■ Goal of the exercise: Write out each line of the material again, word for word.

■ Record excerpts:
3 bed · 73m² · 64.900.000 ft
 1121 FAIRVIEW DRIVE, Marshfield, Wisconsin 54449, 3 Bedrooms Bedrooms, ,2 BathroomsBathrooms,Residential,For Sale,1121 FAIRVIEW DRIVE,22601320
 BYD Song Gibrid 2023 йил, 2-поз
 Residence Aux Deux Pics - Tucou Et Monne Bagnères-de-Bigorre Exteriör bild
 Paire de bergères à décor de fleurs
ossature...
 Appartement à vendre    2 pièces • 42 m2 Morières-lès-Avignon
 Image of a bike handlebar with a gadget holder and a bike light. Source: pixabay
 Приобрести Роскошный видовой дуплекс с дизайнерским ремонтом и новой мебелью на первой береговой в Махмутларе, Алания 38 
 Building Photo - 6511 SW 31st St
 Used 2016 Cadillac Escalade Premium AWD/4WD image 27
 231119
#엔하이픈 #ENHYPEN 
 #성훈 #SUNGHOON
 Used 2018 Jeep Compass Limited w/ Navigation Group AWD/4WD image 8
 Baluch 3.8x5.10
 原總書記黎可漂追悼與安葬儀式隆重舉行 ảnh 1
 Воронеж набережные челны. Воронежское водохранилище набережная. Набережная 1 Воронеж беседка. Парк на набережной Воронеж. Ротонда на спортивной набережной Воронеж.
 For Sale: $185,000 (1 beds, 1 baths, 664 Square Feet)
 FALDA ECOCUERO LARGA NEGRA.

■ Answer to this exercise:
3 bed · 73m² · 64.900.000 ft
 1121 FAIRVIEW DRIVE, Marshfield, Wisconsin 54449, 3 Bedrooms Bedrooms, ,2 BathroomsBathrooms,Residential,For Sale,1121 FAIRVIEW DRIVE,22601320
 BYD Song Gibrid 2023 йил, 2-поз
 Residence Aux Deux Pics - Tucou Et Monne Bagnères-de-Bigorre Exteriör bild
 Paire de bergères à décor de fleurs
ossature...
 Appartement à vendre    2 pièces • 42 m2 Morières-lès-Avignon
 Image of a bike handlebar with a gadget holder and a bike light. Source: pixabay
 Приобрести Роскошный видовой дуплекс с дизайнерским ремонтом и новой мебелью на первой береговой в Махмутларе, Алания 38 
 Building Photo - 6511 SW 31st St
 Used 2016 Cadillac Escalade Premium AWD/4WD image 27
 231119
#엔하이픈 #ENHYPEN 
 #성훈 #SUNGHOON
 Used 2018 Jeep Compass Limited w/ Navigation Group AWD/4WD image 8
 Baluch 3.8x5.10
 原總書記黎可漂追悼與安葬儀式隆重舉行 ảnh 1
 Воронеж набережные челны. Воронежское водохранилище набережная. Набережная 1 Воронеж беседка. Парк на набережной Воронеж. Ротонда на спортивной набережной Воронеж.
 For Sale: $185,000 (1 beds, 1 baths, 664 Square Feet)
 FALDA ECOCUERO LARGA NEGRA.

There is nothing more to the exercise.